One of the best day trading options tips if you’ve got an effective strategy is to consider using automated software. Once you’ve programmed in your criteria, an algorithm will execute trades on your behalf. This can allow you to make far more investments than you could manually. However, it is important to note that this is a tool best employed when you have already nailed down a consistently effective strategy.
For more guidance, see our software page.
Whether you are day trading using weekly options or you’re trading daily AAPL options, a risk management strategy is essential. This will help you minimize your losses and ensure you always get another crack at the market.
Many experienced investors advise using a 1% rule. The rule stipulates that you should never risk more than 1% of your account balance on a single trade. So, if you have $40,000 in your account, the maximum position size you would take is $400. Once your strategy has consistent results, you can consider increasing your risk to between 2-5%.
Take Away Points
As an online trader, you have two objectives. Firstly, make money. Secondly, do so with minimal risk.
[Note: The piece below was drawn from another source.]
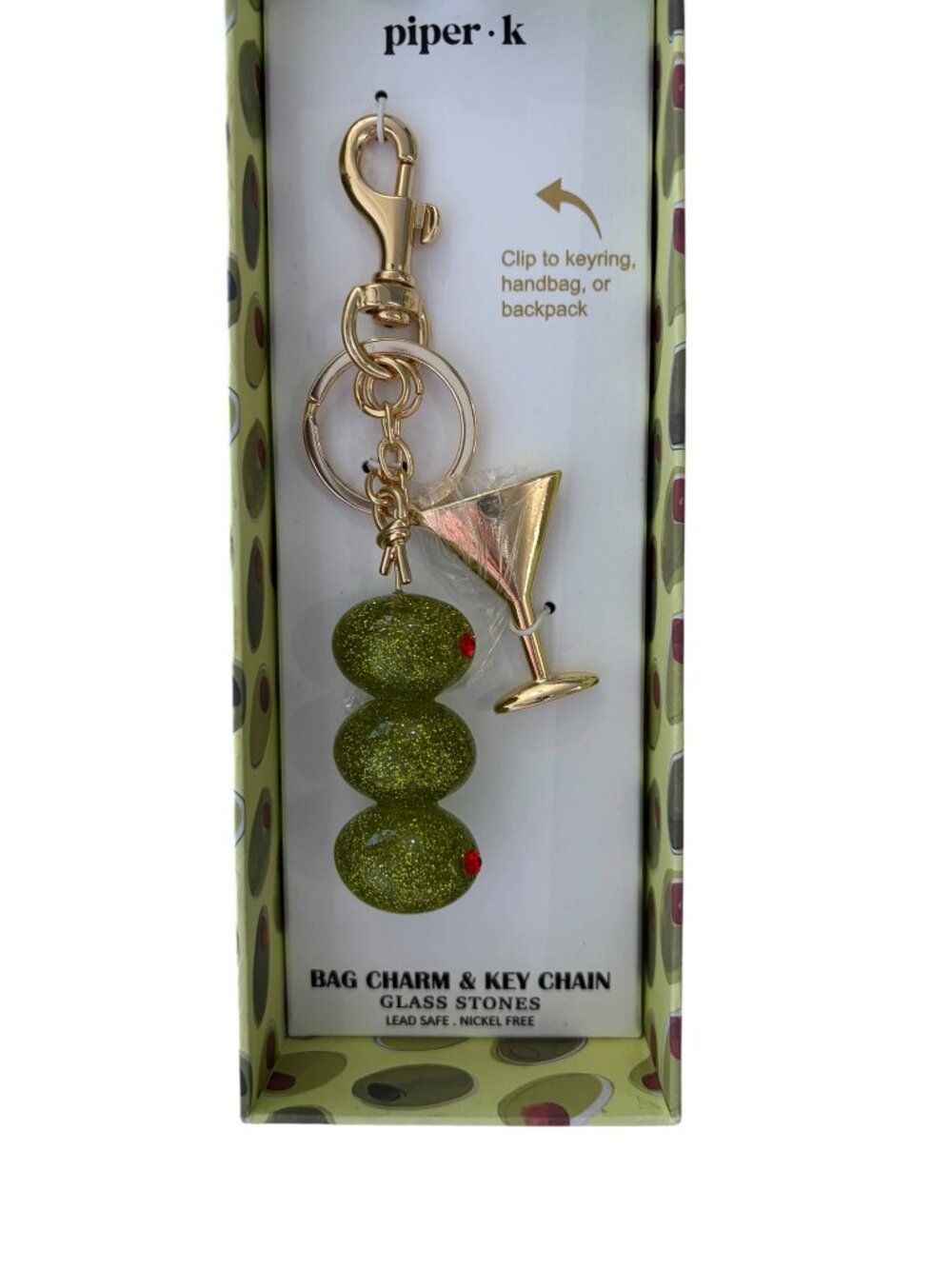 Piper K Martini Glass and Green Olive Bag Charm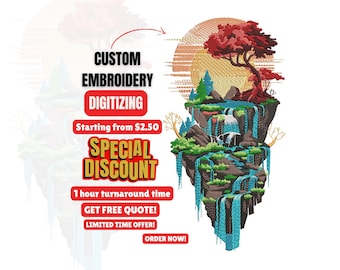 Aangepast logo digitaliseren voor borduren | PES Zomertijd | 3D-bladerdeeg | Snelle levering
Options are the ideal instrument for traders looking for both. When day trading nifty options, you can set clear limits on risk and have the ability to buy and sell contracts multiple times to profit again and again from stock price movements. Products offer advantages that other financial instruments simply do not.
On top of that, there are always attractive picks, whether you’re day trading S&P 500 options or Delta and SPY options. As the popularity of traditional options grows, make sure that you utilize all the resources around you to assert a competitive edge. That means diving into books, online tools and honing your strategy.
Finally, as Robert Arnott said, “In investing, what is comfortable is rarely profitable.” So, enjoy the road ahead, it may be bumpy, but it could also bring returns.
What Exactly Is A Chooser Option?
After purchasing the option, the holder can pick whether it is a call or a put. It is more adaptable than a standard vanilla choice.
How Do Options Affect Buyers And Sellers?
Options are financial derivatives that provide the buyer the right to buy or sell the underlying asset at a specific price within a predetermined time frame.
What Exactly Is A Stock Option?
A stock option grants an investor the right, but not the duty, to buy or sell a stock at a predetermined date and price.
What Is The Taxation Of Options?
Call and put options usually are taxed, dependent on how long they are held. They are subject to capital gains taxes in the UK, for example. Aside from that, the details of taxable options are determined by their holding duration and whether they are naked (the option writer does not hold the underlying position) or covered (the investor selling call options owns an equivalent amount of the underlying security). Consult a tax advisor for more guidance.
What Does It Mean To Exercise An Option?
Exercising an option entails carrying out the contract and buying or selling the underlying asset at the specified price.